In Entrepreneurship, Finance, Mergers & Acquisitions (M&A) // on October 11th, 2016 // by // No comment

Business man draw graph on the screen background








When preparing for the sale of their business, owners will ultimately need to assemble information, usually referred to as a data room that fully supports the story of historical and projected performance of their company.

The data room typically brings together comprehensive information covering financial results, key business drivers, legal affairs, organizational structure, contracts, information systems, insurance coverage, environmental matters, and human resources issues such as employment agreements and benefit and pension plans.

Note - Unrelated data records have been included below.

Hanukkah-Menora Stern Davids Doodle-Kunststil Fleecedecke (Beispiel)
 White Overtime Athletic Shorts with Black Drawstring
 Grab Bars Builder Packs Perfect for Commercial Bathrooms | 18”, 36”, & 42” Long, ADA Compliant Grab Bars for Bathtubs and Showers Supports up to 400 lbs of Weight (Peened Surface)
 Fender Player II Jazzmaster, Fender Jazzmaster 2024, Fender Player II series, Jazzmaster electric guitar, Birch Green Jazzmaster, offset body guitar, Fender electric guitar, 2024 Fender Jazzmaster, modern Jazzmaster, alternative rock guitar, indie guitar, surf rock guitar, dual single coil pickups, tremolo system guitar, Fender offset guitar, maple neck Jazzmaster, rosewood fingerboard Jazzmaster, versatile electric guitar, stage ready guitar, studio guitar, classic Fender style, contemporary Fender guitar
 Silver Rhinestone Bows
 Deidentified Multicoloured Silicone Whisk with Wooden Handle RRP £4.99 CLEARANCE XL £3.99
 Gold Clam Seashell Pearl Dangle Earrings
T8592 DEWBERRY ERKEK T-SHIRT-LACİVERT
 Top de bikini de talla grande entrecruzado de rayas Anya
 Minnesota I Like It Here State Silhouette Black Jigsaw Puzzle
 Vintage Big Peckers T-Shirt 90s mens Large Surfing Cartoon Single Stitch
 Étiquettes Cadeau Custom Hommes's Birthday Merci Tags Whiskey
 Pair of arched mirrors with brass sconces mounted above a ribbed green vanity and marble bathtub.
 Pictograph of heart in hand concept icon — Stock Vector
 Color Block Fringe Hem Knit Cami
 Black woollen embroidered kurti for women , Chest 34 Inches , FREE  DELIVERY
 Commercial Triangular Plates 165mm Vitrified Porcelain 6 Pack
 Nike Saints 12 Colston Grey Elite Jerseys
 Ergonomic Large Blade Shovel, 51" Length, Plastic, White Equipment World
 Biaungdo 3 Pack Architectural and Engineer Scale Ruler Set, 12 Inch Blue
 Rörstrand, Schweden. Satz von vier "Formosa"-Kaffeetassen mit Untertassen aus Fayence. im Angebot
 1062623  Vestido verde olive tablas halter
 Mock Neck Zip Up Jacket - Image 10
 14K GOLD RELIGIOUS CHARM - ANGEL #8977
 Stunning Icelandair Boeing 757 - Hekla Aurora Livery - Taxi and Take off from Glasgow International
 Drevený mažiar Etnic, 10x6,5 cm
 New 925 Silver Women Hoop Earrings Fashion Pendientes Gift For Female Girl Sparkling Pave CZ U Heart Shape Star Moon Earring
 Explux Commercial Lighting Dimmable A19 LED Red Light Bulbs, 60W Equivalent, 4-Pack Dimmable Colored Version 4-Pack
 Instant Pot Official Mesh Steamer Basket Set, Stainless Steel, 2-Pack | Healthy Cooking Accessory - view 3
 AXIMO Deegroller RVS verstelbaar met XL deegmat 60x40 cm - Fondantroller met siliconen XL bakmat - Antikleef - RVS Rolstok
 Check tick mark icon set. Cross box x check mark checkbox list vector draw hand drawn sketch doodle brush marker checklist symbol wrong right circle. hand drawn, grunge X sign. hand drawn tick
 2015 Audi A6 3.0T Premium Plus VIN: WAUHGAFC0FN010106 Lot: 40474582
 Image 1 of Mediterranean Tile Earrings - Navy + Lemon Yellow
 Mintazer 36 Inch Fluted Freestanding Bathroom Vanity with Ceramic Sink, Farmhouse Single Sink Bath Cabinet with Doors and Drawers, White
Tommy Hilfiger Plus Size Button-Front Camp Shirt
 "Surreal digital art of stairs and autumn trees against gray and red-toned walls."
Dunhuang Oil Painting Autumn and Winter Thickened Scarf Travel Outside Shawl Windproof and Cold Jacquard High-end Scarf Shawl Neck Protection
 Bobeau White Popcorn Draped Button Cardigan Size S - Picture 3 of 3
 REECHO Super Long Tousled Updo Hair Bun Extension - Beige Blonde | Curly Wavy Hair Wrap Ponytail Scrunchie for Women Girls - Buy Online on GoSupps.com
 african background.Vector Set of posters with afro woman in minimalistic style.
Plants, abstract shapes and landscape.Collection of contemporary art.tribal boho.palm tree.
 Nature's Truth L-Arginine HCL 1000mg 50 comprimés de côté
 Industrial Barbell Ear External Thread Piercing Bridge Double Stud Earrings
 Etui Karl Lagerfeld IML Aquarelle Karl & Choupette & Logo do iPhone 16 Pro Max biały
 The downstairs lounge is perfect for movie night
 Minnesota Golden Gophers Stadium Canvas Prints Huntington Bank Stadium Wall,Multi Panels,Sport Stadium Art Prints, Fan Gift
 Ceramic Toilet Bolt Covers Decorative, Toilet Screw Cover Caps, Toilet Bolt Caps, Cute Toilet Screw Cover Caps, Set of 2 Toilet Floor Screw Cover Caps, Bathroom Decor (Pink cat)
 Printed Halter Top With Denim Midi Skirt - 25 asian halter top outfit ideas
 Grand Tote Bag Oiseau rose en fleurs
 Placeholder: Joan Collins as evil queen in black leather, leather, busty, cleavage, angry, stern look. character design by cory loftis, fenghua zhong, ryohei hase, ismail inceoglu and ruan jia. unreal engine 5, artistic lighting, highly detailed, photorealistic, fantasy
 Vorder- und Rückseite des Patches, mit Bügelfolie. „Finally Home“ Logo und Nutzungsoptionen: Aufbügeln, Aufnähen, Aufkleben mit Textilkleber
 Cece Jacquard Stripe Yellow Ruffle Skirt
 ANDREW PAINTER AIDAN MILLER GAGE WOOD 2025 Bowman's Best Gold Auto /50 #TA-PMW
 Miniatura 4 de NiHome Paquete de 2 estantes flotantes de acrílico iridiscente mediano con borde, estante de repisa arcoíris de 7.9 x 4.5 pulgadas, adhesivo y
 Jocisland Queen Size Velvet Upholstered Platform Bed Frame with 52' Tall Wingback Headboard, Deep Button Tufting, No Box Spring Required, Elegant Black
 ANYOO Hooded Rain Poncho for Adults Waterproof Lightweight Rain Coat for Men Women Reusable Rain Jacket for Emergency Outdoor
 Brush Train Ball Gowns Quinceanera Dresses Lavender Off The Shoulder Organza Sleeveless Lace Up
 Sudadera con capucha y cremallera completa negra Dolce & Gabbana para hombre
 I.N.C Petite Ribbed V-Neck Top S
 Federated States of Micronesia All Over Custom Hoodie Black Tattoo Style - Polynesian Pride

The extent of information and level of detail in the data room should be balances, providing enough information to enable buyers to determine a fair value but also limiting the amount of sensitive or competitive information disclosed to anyone other than the ultimate purchaser. Often, striking the right balance requires discussions between sellers and their advisors.

A comprehensive, well-thought-out data room demonstrates to buyers that a company has the tools, resources, systems, and abilities to analyze the business and tract the information needed to grow and safeguard profits. Conversely, a poorly assembled data room with significant information gaps signals potential buyers that there may be operational or other data weaknesses that could dampen their views on value.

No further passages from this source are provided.